Directors are key players in a company. They are in charge of decision making, compliance, and business development. But sometimes a director resigns or is removed. There are finally rules prescribed under Companies Act 2013 for both scenarios. Awareness of these legal guidelines helps in compliance as well as smooth transitions.
At Mind Your Tax, we help businesses navigate legal processes at ease. If you are a director who is considering resigning, or a company concerned about how to remove a director, this guide will outline the process.
A director can resign on their own accord for personal, professional or ethical reasons. Companies Act 2013 lays down a uniform procedure for Resignation.
The director needs to submit a resignation letter to the board. It must mention the reason behind resigning and the date on which the resignation comes into effect.
The board mentions the resignation and notes it in the meeting minutes.
The Director resigning from the company has to file Form DIR-11 within 30 days. The ROC is notified of this resignation. The company is also required to file Form DIR-12 to update its records.
The resignation must be made public in the next report of the Board of Directors, and statutory registration must be updated.
After these steps are taken, the director’s duties are officially done. But they are still responsible for decisions taken while they were in power.
Directors are responsible for any misconduct or non-compliance in their function.
This means that if the company does not file DIR-12, though the resignation is valid but the director may have to prove the same in the event of litigation.

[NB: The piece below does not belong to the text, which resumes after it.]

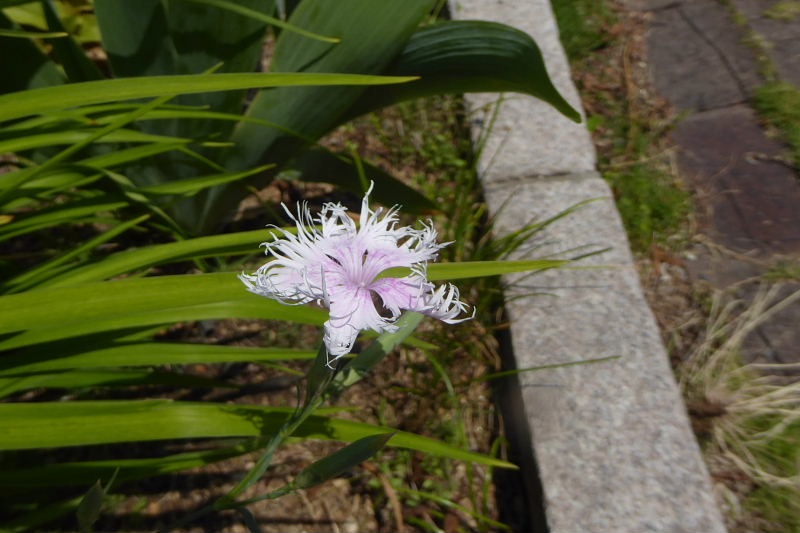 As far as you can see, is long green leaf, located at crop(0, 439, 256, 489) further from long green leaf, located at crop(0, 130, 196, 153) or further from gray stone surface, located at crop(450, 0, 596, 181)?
gray stone surface, located at crop(450, 0, 596, 181)

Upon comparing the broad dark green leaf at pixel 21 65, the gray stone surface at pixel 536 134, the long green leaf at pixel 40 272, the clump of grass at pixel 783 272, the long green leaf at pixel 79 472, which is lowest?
the long green leaf at pixel 79 472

In listed companies, departing directors are required to disclose pending obligations.
Such removal may be necessary due to a director's misconduct, failure to perform, or legal disqualification. The procedure is given in the Companies Act 2013.
Failure to Attend Board Meetings: (Twelve month may absent without leave from the board meeting is deemed to have vacated their office, by the board of directors.)
Decision By Board or Resolution By Shareholders: If a director is found to be unfit by the board or shareholders, removal proceedings may be initiated.
Board Meeting and Special Notice: A special notice as per the provisions of Section 169 of the Companies Act should be served by the shareholders or the board.
Votes: Shareholders vote on the resolution. With a simple majority vote, that makes the director OUT.
One who is removed as director cannot sue for wrongful termination unless he has a contract saying otherwise.
Re-appointment of directors disqualified under Section 164 for five years in all company.
Resignation is voluntary; removal is at the direction of the company.
A resigned director could join another company anytime, but removed directors could see their wings clipped.
Failure to establish a resignation or removal process can have legal consequences. Once again, companies and directors should ensure that these documents are victory. If no intimation is sent to ROC, it has consequences for penalty and governance.
At Mind Your Tax, our experts will help you with everything from director resignations and removals, compliance and more. Everything related to Company registration in Bangalore and other related works, we are here for you.
Head to Mind Your Tax, the best CA firm in Bangalore, for professional advice to have a clear legacle transition in your company leadership.